I'm not sure that explains everything - especially why the problem is Linux-only or why it doesn't occur with "target-cpu=x86-64-v2" - but at least it's a start.
 
Amazing catch, hats off! That discussion on rust forum shows that rust devs are truly low-level CPU connoisseurs. Actually I have never heard of denormals, feeling like a freshman :)

This article https://www.earlevel.com/main/2019/04/19/floating-point-denormals/ suggests to add tiny alternating positive and negative DC offsets to the DSP buffer to avoid the denormals. But I sort of do not understand how a tiny offset removes the denormals when the stream are negative and positive numbers. Perhaps because the chances of a negative value hitting the denormals range after adding the positive DC shift are much lower than processing a whole stream of samples close to zero where basically all values in the stream fall into the denormals?
 
Oh it's denormals! I did not expect those to pop up while processing a non-zero signal.
What it does now is to flush any stored denormals after each chunk:
Code:
    /// Flush stored subnormal numbers to zero.
    fn flush_subnormals(&mut self) {
        if self.s1.is_subnormal() {
            trace!("Biquad filter '{}', flushing subnormal s1", self.name);
            self.s1 = 0.0;
        }
        if self.s2.is_subnormal() {
            trace!("Biquad filter '{}', flushing subnormal s2", self.name);
            self.s2 = 0.0;
        }
    }
That solved an issue where the cpu load increased a few seconds after the signal goes quiet.

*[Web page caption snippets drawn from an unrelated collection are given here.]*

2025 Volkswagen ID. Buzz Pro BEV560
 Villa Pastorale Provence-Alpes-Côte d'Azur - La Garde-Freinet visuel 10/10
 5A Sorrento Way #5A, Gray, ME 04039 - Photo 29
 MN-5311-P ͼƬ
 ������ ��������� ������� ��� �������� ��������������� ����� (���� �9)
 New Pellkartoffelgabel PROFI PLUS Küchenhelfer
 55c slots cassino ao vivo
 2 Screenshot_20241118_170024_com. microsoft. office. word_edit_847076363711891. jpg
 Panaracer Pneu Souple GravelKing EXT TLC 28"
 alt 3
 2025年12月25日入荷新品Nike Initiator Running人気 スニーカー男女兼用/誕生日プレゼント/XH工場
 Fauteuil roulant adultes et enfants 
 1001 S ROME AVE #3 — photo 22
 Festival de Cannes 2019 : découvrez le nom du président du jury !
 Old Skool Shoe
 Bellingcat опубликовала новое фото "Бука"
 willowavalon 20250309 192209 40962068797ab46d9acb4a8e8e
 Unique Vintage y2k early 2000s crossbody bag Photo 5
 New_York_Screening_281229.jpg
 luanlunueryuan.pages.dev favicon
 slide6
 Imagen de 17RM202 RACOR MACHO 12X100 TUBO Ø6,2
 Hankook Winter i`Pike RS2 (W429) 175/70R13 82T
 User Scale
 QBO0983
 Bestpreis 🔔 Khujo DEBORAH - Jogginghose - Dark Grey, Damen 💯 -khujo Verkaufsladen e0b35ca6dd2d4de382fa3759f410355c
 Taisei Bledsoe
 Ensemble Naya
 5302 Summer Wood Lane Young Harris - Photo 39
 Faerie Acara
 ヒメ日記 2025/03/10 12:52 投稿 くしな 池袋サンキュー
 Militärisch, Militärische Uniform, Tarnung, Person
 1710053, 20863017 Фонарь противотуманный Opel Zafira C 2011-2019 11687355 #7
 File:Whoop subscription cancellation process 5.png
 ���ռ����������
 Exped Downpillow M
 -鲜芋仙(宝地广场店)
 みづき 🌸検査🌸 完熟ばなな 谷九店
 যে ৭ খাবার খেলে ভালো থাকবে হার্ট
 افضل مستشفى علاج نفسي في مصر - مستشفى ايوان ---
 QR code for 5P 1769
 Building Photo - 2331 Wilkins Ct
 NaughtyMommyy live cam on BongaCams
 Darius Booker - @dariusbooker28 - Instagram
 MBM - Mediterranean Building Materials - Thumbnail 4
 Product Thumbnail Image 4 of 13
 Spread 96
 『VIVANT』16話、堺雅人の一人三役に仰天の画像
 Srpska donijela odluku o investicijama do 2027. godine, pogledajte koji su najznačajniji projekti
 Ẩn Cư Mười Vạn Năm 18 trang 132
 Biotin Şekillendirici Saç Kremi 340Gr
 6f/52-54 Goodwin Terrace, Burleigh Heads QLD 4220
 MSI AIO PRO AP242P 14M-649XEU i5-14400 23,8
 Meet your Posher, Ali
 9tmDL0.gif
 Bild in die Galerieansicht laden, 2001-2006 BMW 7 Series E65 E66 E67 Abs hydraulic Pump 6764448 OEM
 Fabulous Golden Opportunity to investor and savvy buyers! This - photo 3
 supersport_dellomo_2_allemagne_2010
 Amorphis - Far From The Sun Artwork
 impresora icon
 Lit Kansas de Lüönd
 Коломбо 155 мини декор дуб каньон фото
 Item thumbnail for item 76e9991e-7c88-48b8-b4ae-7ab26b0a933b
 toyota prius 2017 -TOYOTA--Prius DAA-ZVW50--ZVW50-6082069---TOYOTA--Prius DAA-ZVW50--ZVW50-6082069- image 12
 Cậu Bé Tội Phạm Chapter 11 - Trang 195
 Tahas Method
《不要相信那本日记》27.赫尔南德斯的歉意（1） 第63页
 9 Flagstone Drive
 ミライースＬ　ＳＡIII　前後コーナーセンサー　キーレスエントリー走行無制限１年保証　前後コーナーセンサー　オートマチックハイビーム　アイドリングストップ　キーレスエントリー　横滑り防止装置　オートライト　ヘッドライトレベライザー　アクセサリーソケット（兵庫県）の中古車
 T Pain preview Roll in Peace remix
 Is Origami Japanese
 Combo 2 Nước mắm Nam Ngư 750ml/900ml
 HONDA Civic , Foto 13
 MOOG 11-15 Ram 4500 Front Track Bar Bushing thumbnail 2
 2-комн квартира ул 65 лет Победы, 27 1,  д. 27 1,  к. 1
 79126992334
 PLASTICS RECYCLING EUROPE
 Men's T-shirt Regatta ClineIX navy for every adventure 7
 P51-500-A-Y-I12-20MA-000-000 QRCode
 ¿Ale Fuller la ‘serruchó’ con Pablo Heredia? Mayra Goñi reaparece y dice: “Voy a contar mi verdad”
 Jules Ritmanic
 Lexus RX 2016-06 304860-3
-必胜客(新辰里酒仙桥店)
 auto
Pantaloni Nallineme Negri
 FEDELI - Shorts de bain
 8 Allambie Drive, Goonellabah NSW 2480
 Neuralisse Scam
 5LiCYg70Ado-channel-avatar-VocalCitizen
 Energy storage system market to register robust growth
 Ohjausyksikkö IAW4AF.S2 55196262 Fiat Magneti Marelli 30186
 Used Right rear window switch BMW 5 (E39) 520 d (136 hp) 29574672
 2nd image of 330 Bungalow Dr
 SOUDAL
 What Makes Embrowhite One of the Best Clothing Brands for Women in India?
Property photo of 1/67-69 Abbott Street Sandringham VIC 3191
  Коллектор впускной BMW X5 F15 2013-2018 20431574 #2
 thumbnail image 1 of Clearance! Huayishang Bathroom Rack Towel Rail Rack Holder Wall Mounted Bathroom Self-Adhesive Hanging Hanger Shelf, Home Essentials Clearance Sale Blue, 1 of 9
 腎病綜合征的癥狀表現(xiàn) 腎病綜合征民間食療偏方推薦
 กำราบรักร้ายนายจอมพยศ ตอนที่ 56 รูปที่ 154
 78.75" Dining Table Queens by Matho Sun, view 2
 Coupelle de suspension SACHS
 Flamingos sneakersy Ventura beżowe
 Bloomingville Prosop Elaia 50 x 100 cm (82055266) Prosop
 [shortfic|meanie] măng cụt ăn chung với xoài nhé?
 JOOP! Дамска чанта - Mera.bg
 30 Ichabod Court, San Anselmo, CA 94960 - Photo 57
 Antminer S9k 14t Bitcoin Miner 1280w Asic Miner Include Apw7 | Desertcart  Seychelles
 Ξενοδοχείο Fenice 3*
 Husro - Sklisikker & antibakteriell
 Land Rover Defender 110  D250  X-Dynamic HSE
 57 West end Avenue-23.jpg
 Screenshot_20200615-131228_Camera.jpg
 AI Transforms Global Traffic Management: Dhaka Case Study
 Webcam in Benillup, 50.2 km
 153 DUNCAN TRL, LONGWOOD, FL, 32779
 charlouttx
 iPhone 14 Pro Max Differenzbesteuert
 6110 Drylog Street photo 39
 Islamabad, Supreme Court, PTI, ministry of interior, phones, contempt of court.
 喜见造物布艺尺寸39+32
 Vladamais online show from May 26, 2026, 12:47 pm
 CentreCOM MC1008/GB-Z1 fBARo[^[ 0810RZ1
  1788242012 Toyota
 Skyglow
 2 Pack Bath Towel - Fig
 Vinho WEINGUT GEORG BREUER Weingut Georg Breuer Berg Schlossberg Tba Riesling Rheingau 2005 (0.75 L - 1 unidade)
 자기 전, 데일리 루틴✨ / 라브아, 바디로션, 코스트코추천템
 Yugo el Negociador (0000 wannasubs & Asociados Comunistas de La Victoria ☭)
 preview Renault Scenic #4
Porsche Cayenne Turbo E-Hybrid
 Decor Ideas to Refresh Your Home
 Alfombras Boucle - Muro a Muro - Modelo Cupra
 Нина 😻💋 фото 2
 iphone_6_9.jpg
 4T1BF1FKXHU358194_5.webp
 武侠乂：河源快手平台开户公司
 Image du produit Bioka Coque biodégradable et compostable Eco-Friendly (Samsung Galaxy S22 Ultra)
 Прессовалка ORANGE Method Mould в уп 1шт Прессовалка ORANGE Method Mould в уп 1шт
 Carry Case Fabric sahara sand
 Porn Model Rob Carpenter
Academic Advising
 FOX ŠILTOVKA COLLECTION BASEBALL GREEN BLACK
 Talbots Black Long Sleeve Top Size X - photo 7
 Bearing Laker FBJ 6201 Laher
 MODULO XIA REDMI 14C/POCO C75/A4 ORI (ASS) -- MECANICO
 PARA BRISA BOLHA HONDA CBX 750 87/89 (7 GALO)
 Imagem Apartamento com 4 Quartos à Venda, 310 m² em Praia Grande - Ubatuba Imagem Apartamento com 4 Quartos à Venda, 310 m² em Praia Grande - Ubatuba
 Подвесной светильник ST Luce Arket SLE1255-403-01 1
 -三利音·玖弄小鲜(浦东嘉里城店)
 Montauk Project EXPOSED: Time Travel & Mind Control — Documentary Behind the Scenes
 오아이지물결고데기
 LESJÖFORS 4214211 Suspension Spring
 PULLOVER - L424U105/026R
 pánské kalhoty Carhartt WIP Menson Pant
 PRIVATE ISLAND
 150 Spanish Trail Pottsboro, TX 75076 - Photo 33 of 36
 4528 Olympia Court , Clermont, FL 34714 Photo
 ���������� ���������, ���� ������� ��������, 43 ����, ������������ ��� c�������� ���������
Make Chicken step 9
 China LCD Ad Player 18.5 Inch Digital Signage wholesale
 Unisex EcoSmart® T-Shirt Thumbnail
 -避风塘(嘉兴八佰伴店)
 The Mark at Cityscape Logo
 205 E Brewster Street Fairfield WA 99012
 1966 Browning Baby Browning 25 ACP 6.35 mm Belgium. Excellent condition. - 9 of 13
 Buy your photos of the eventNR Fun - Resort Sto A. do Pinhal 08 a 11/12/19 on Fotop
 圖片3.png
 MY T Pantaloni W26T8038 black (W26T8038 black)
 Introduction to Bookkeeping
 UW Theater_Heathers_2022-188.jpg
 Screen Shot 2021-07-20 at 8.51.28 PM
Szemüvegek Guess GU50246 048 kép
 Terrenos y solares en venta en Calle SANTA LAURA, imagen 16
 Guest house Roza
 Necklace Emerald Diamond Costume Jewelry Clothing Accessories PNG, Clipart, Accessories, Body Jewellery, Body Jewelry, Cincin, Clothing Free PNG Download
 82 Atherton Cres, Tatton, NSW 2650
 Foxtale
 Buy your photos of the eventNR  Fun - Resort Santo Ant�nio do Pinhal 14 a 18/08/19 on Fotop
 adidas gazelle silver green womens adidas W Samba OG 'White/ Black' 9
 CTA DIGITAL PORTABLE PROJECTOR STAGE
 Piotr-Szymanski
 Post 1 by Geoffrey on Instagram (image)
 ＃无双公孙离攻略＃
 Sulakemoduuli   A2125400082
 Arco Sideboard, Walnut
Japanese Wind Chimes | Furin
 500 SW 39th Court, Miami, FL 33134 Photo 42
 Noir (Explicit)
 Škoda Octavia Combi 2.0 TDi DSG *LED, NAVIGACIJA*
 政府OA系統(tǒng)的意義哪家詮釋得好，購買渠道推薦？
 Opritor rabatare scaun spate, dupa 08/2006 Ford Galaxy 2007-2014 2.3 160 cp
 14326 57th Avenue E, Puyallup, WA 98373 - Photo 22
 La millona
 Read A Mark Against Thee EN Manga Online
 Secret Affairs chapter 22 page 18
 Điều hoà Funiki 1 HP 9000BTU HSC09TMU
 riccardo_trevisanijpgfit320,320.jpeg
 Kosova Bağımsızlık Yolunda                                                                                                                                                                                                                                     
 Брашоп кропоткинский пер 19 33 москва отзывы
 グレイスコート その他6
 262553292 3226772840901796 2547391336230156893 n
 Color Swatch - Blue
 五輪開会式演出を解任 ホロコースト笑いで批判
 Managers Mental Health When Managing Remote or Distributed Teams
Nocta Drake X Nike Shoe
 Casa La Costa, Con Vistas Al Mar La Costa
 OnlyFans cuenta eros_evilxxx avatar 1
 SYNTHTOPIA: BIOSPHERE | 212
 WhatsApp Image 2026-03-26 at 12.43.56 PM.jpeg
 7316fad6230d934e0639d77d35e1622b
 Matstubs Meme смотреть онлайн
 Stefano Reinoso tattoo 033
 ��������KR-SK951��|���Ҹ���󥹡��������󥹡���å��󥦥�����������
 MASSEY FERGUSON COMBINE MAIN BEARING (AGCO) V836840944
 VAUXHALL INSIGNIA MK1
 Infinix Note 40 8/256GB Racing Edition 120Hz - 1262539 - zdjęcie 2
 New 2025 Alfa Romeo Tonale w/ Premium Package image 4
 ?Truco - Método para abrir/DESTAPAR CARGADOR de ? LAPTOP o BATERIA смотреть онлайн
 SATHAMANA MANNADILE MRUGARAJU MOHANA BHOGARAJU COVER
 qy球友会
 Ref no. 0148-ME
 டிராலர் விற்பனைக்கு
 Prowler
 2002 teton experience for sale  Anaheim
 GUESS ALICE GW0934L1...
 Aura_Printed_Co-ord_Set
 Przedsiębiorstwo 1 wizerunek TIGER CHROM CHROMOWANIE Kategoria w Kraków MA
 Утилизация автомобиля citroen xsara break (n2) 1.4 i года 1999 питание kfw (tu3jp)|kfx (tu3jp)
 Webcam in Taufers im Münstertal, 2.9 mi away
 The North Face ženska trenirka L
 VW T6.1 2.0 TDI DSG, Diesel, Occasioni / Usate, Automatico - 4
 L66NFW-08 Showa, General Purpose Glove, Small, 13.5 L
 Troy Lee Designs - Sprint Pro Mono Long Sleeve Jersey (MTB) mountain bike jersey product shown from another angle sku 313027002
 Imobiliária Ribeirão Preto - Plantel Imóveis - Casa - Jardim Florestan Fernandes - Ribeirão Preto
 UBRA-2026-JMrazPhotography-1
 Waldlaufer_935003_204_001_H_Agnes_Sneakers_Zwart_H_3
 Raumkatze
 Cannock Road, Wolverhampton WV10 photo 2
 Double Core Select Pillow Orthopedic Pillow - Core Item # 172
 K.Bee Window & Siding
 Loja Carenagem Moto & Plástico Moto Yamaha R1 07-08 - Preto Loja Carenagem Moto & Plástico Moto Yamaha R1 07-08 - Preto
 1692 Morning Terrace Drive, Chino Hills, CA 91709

But apparently these nasty things can show up during the biquad calculations, without ending up in s1 or s2. This will need some investigation...
 
I implemented a biquad in Python to make it easier to track the values. It doesn't help, I can't explain how there can be denormals while a sine is playing.
This is the output, and the internal variables while processing a 1 kHz sine at 48 kHs sampling rate. The filter is the same Peaking filter as @spfenwick used in the example.
Blue is the signal, green and orange are the s1 and s2 state variables, all shown on a dB scale. While the sine wave is playing, they all stay >-150 dB which is well within what can be represented with normal numbers (with a margin of over 1000 dB!).
Then the signal ends at 3 seconds, and the variables all start dropping until they end are low enough to need denormals, some seconds after the plot ends. That is the problem that was solved by flushing denormals after each chunk.
biquad_magnitude.png


This is as far as I have gotten today. To be continued..
 
I'm having trouble understanding it too. Even without the analysis you've done it seems intuitively that any audio signal would be way above the level of double precision denormals. Aside from the decay after the signal ends, a sample randomly falling below 10^-308 wouldn't be expected within the lifetime of the universe.

And even if denormals are somehow happening, the Gain of 0dB is just a multiply by 1.0, so should make no difference.

Let me know if there are any tests you'd like me to run on an Intel CPU.
 
Aside from the decay after the signal ends, a sample randomly falling below 10^-308 wouldn't be expected within the lifetime of the universe.
An occasional denormal doesn't cause any trouble, just a temporary slowdown for one or a few math operations. It's not a problem until there are lots of them.

Let me know if there are any tests you'd like me to run on an Intel CPU.
Will do! But at the moment I have no idea what to try next 🤔
 
Maybe to an offer a suggestion, wrong as it may be, just to see if it ignites any spark when troubleshooting:

Could it be that it’s not the filter that causes the denormals, but that it’s already so in the input thread, spuriously or not?

Did not yet take the time to do a code run-through.